Dank an Soldaten, Polizisten und Botschaftspersonal

Die Bundeskanzlerin dankte den Soldatinnen und Soldaten sowie Bundespolizistinnen und -polizisten für den Einsatz vor Ort in Kabul und Taschkent sowie den Mitarbeitern der Deutschen Botschaft in Kabul und im Krisentab der Bundesregierung, „die rund um die Uhr arbeiten“. Der Dank gilt auch der usbekischen Regierung, die den Flughafen in Taschkent für die Luftbrücke zur Verfügung stellt.

Die Bundesregierung bemühe sich weiterhin „mit allen Kräften, denjenigen das Verlassen des Landes zu verhelfen, die uns als Ortskräfte zur Seite gestanden haben,“ versicherte Bundeskanzlerin Angela Merkel. Sie bekräftigte, dass Deutschland bereits seit 2013 gefährdete Ortskräfte und deren Familienangehörige kontinuierlich nach Deutschland geholt habe. Bis August dieses Jahres seien so über 1000 Ortskräfte gekommen - mit Familienangehörigen mehr als 4800 Menschen. Nach der Abzugsentscheidung der Verbündeten hätten in einem beschleunigten Verfahren 2500 Ortskräfte und Familienangehörige Visa erhalten. Mit der Zuspitzung im Land sei nun ein Visum nicht mehr erforderlich.

Merkel beschreibt Dilemma

„Wenn man zeitgleich mit dem Abzug der Bundeswehr auch die Ortskräfte außer Landes gebracht hätte, wäre vielleicht der Eindruck entstanden, man überlasse die Menschen in Afghanistan ihrem Schicksal,“ erläuterte die Bundeskanzlerin die schwierige Situation. Die Entwicklungszusammenarbeit sollte auch nach dem Abzug fortgesetzt werden, um den Menschen auch unter schwierigen Bedingungen zur Seite zu stehen. „Es gab sehr gute Gründe dafür, den Menschen in Afghanistan nach dem Abzug der Truppen wenigstens in der Entwicklungszusammenarbeit weiter zur Seite zu stehen“.

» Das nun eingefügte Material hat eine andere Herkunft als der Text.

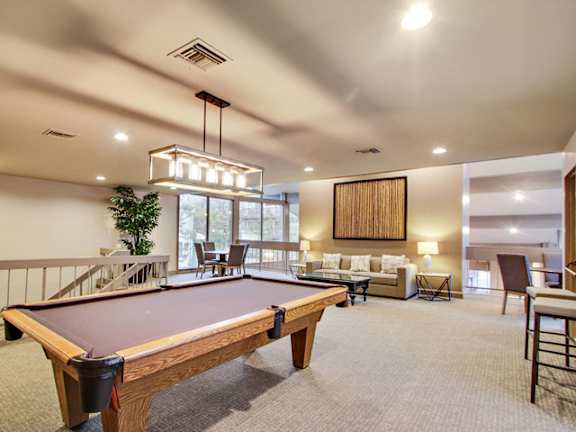 Two-story recreation room with Wi-Fi, at Woodcliff Apartments, 3201 Overland Ave, LA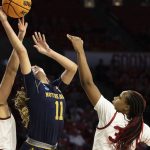 
              Notre Dame guard Sonia Citron (11) fights Oklahoma guard Skylar Vann (24) and Liz Scott, right, in the first half of a second-round game in the NCAA women's college basketball tournament Monday, March 21, 2022, in Norman, Okla. (AP Photo/ Mitch Alcala)
            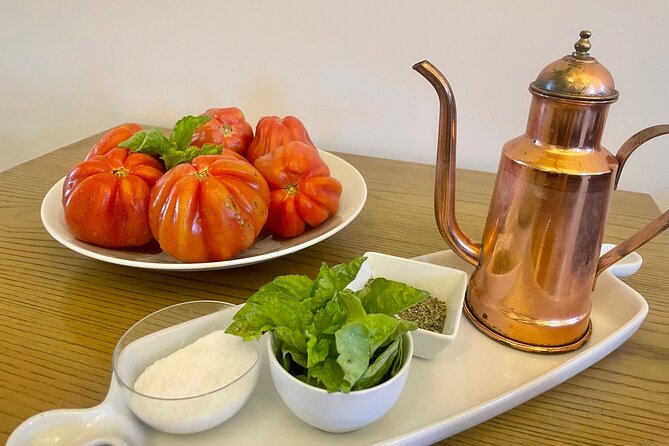 Sorrento: Hands-On Pasta, Tiramisu & Limoncello Fun Class - A garden welcome before the cooking starts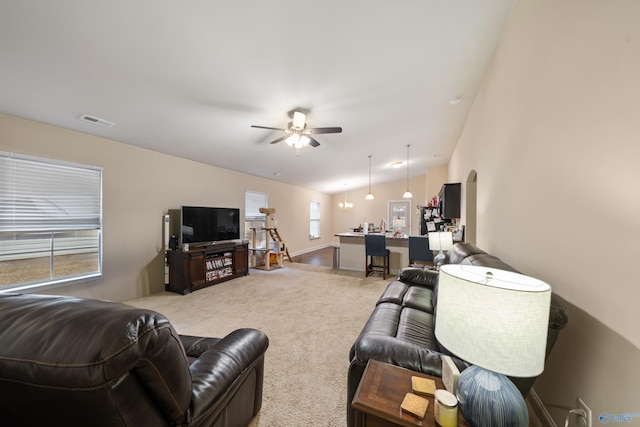 carpeted living room featuring vaulted ceiling and ceiling fan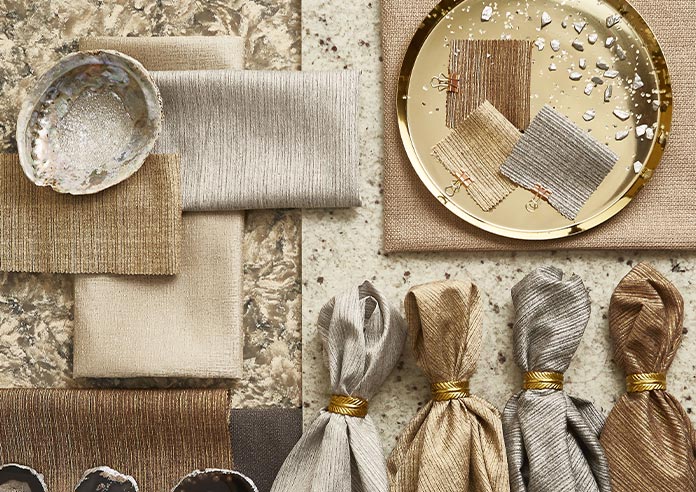An array of gold, silver and bronze soft fabrics, are artistically lain out.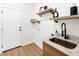 Well-organized laundry room featuring floating shelves, modern sink, and convenient access to outside at 3002 W Abdella St, Tampa, FL 33607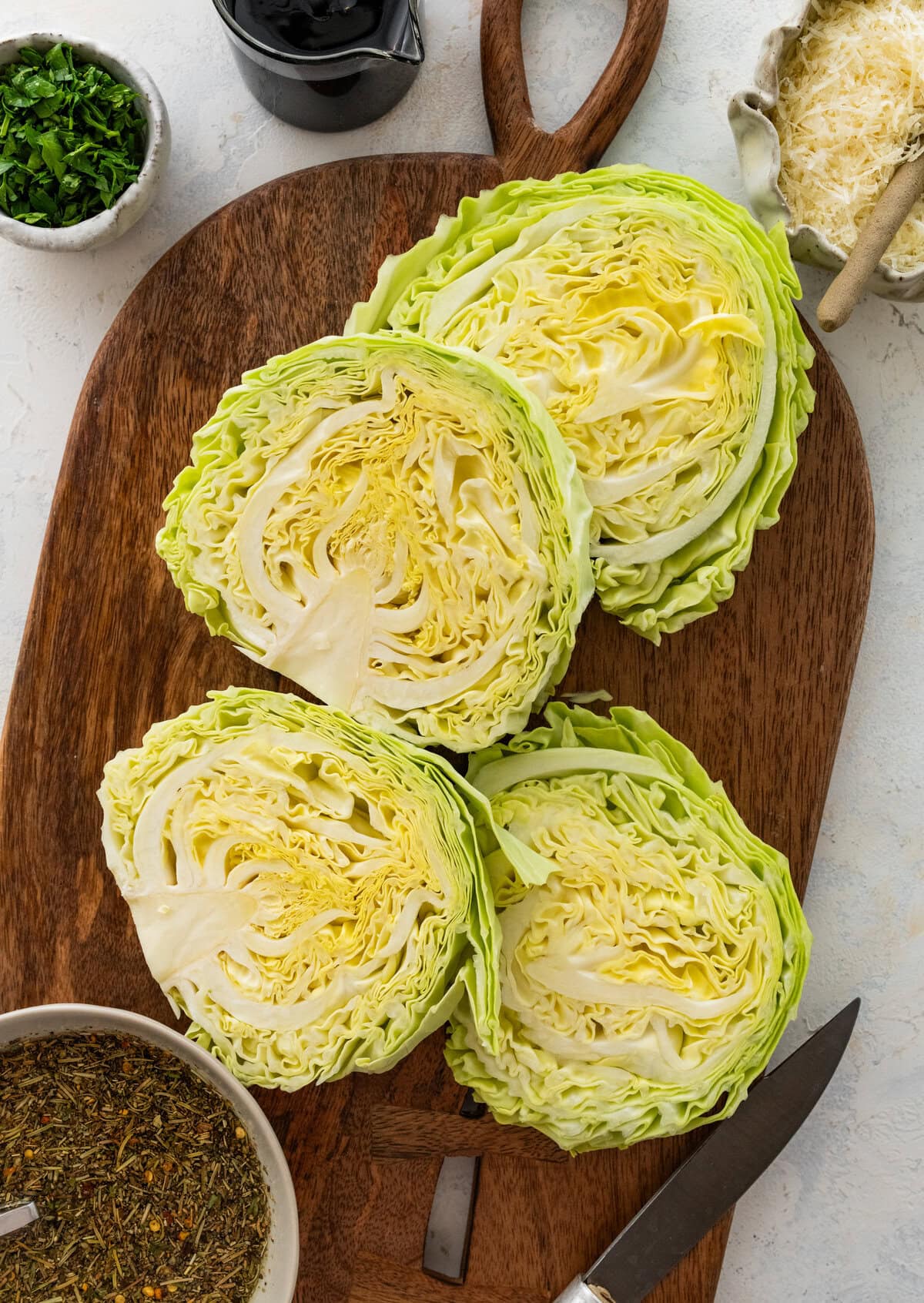 Slices of cabbage laid on a cutting board, with the rest of the ingredients for the recipe nearby.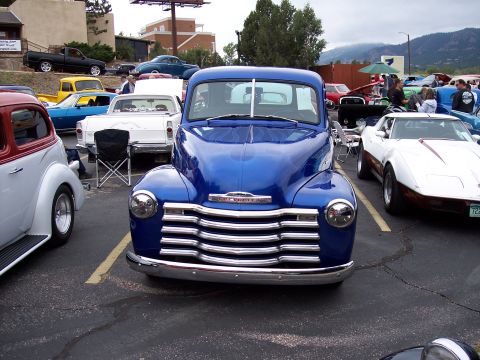 1972 Ford Ranchero - A classic blue Chevrolet pickup truck is displayed at a car show, with other vehicles visible in the background.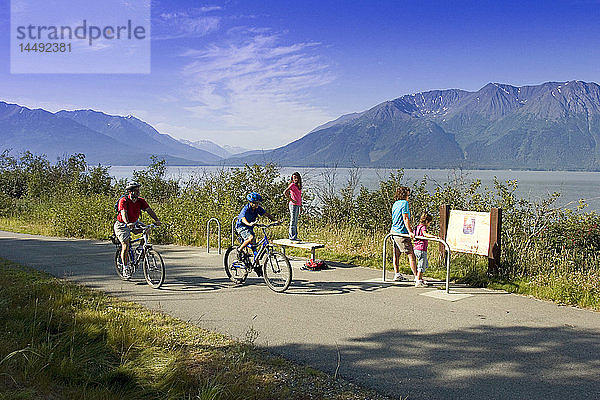 Eine Familie liest ein Informationsschild am Coastal Trail in der Nähe von Indian  AK  während Radfahrer vorbeifahren. SC Alaska Sommer.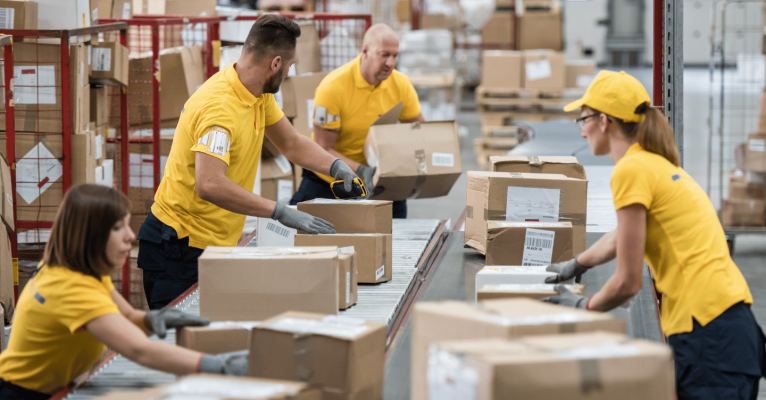 distribution centre personnel sorting packages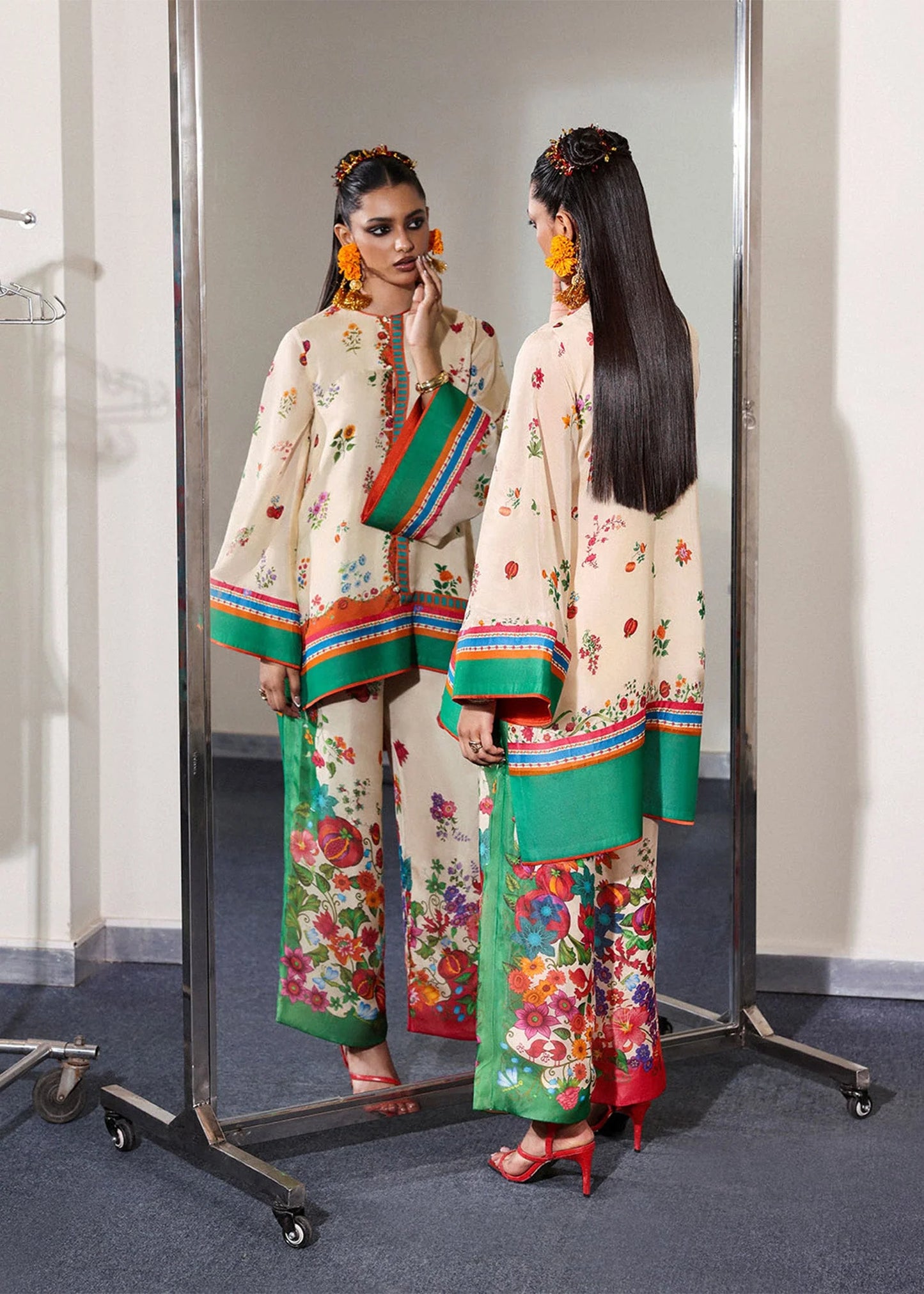 Model wearing cream multicolor Coraline outfit from Hussain Rehar with floral prints and green accents, perfect Pakistani luxury pret in UK.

Deutschland leistet humanitäre Hilfe

Nun gehe es auch darum, den Menschen in Afghanistan humanitäre Hilfe zu leisten. Deutschland unterstütze dabei die internationalen Organisationen. Merkel dankt den Vereinten Nationen und den internationalen Organisationen, dass sie ihre Arbeit in Afghanistan fortsetzen. 100 Millionen Euro stelle die Bundesregierung für Soforthilfe bereit und weitere 500 Millionen Euro für humanitäre Hilfe in Afghanistan und als Hilfe für Nachbarstaaten bei der Aufnahme von Flüchtlingen.

Auch Gutes wurde geleistet

Merkel erinnerte daran, dass in den vergangenen 20 Jahren auch Gutes geleistet worden sei. Seit 2001 seien keine Terroranschläge mehr verübt worden, die von Afghanistan ausgingen. Merkel erinnerte daran, dass die Anschläge vom 11. September 2001 auf das World Trade Center in New York von Afghanistan aus geplant worden waren.

Auch für die Menschen in Afghanistan ist der Einsatz nicht vergebens gewesen. Die Kindersterblichkeit habe sich seit 2001 halbiert. Fast 70 Prozent der Afghanen hätten heute Zugang zu Trinkwasser und über 90 Prozent Zugang zu Strom.

Es gehe jetzt darum, davon so viel wie möglich zu bewahren. „Es wird schwer, aber wir müssen es versuchen,“ so Merkel. Jedoch sei es aktuell unerlässlich, vorerst die Entwicklungszusammenarbeit mit Afghanistan zu stoppen.

Analyse wichtig – auch mit Partnern in EU und Nato

Auf die Frage, warum keine langfristige Stabilität in Afghanistan erreicht werden konnte, könnten heute noch keine abschließenden Antworten gegeben werden. Jedoch sei eine Analyse wichtig für laufende und zukünftige Auslandseinsätze der Bundeswehr. Die Analyse solle auch mit den Partnern der Nato und der EU erfolgen.

Abschließend betonte die Bundeskanzlerin ganz grundsätzlich: „Denn auch wenn es in dieser bitteren Stunde nicht danach aussieht, so bin und bleibe ich der festen Überzeugung, dass keine Gewalt und keine Ideologie den Drang der Menschen nach Freiheit, nach Gerechtigkeit und nach Frieden dauerhaft aufhalten können“.